1хP40: Timestamp,Backend,Layers,Model,MaxCtx,GenAmount,ProcessingTime,ProcessingSpeed,GenerationTime,GenerationSpeed,TotalTime,Output,Flags 2024-08-19 16:01:51.459500+00:00,koboldcpp_cublas.dll,99,L3-Umbral-Mind-RP-v3.0-8B.Q8_0,32768,100,102.77,317.87,9.79,10.21,112.56, 1 1 1 1,NoAVX2=False Threads=15 HighPriority=False NoBlas=False Cublas_Args=['mmq'] Tensor_Split=None BlasThreads=15 BlasBatchSize=512 FlashAttention=True KvCache=0

2хP40: Timestamp,Backend,Layers,Model,MaxCtx,GenAmount,ProcessingTime,ProcessingSpeed,GenerationTime,GenerationSpeed,TotalTime,Output,Flags 2024-08-19 16:04:34.787623+00:00,koboldcpp_cublas.dll,99,L3-Umbral-Mind-RP-v3.0-8B.Q8_0,32768,100,54.36,600.99,11.04,9.05,65.40, 1 1 1 1,NoAVX2=False Threads=15 HighPriority=False NoBlas=False Cublas_Args=['mmq'] Tensor_Split=None BlasThreads=15 BlasBatchSize=512 FlashAttention=True KvCache=0

3хP40: Timestamp,Backend,Layers,Model,MaxCtx,GenAmount,ProcessingTime,ProcessingSpeed,GenerationTime,GenerationSpeed,TotalTime,Output,Flags 2024-08-19 16:07:18.334489+00:00,koboldcpp_cublas.dll,99,L3-Umbral-Mind-RP-v3.0-8B.Q8_0,32768,100,67.95,480.76,14.03,7.13,81.99, 1 1 1 1,NoAVX2=False Threads=15 HighPriority=False NoBlas=False Cublas_Args=['mmq'] Tensor_Split=None BlasThreads=15 BlasBatchSize=512 FlashAttention=True KvCache=0

4хP40: Timestamp,Backend,Layers,Model,MaxCtx,GenAmount,ProcessingTime,ProcessingSpeed,GenerationTime,GenerationSpeed,TotalTime,Output,Flags 2024-08-19 16:11:33.115719+00:00,koboldcpp_cublas.dll,99,L3-Umbral-Mind-RP-v3.0-8B.Q8_0,32768,100,75.61,432.07,16.46,6.08,92.06, 1 1 1 1,NoAVX2=False Threads=15 HighPriority=False NoBlas=False Cublas_Args=['mmq'] Tensor_Split=None BlasThreads=15 BlasBatchSize=512 FlashAttention=True KvCache=0

The changes are extremely minor.

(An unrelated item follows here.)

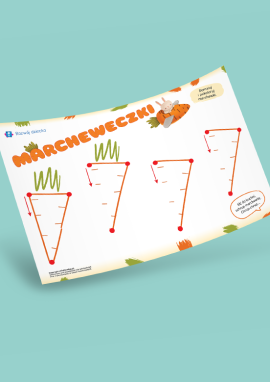 Rysowanie linii pionowej: pierwsze zadania grafomotoryczne dla dzieci od 3 roku życia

Prompt processing speed improved a bit, generation speed worsened a bit, but maybe it's the matter of another change in llamacpp. Obviously, the problem was not in this parameter.

However, for this strange behavior only affects small models. For large models on Tesla P40s I have to enable rowsplit, which works quite differently. And for small models 2xP40 performance is enough.